A análise multivariada mostrou que na comparação entre os quatro grupos, não surgiram diferenças estatisticamente significantes quanto ao número de ataques cardíacos ou à mortalidade por qualquer causa.
Os resultados também não variaram entre aqueles que preparavam frituras com óleo de oliva ou de girassol — as duas formas mais frequentes na Espanha — ou com outros óleos vegetais.
Também não fez diferença o tipo de alimento frito: carne vermelha, peixe, batatas ou ovos.
Os autores consideram os resultados válidos para os países mediterrâneos, nos quais as frituras são feitas principalmente com óleo de oliva e de girassol, em vez de banha ou manteiga. Além dessa ressalva, insistem que os espanhóis não são consumidores contumazes de “fast food”, comida geralmente preparada com óleo usado diversas vezes, método que ainda não foi estudado no âmbito das doenças cardiovasculares.

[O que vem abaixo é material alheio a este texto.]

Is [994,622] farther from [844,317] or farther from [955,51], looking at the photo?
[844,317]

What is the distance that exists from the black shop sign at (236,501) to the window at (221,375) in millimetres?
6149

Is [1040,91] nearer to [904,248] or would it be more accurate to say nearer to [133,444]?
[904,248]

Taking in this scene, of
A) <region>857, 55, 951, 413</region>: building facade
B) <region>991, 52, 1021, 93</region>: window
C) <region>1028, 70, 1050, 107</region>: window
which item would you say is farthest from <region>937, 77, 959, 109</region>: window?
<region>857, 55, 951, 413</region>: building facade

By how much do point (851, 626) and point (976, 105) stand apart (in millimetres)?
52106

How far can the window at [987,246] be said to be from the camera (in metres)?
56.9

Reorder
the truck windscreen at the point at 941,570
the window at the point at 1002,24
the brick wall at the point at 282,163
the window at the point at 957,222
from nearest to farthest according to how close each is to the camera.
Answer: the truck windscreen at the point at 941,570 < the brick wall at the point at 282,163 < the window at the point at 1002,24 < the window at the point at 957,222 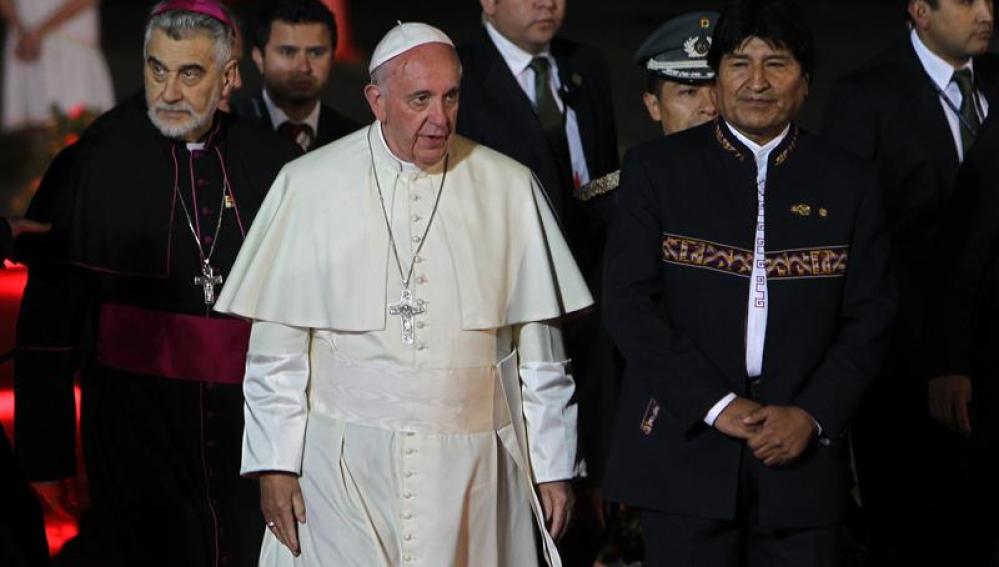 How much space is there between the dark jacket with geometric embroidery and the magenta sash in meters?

Podemos aplicar em nosso dia a dia as conclusões acima?
Frituras têm alta densidade energética, porque durante o frigir os alimentos perdem água e absorvem gordura. Estudos anteriores mostram que ingeri-las em quantidades maiores está associado ao excesso de peso, à hipertensão e ao acúmulo de gordura abdominal, condições sabidamente ligadas ao aumento do risco de doenças cardiovasculares.
Se é assim, não seria de esperar que no estudo espanhol dietas ricas em frituras também constituíssem fator de risco?
Seria, caro leitor, mas em ciência nem tudo que parece lógico resiste ao crivo da análise experimental. Estudos populacionais são feitos justamente para comprovar ou jogar por terra afirmações dogmáticas.
Então posso comer fritura à vontade?
Se não quiser ganhar peso, acumular gordura no abdômen e ficar hipertenso, coma com parcimônia, mas sem remorso.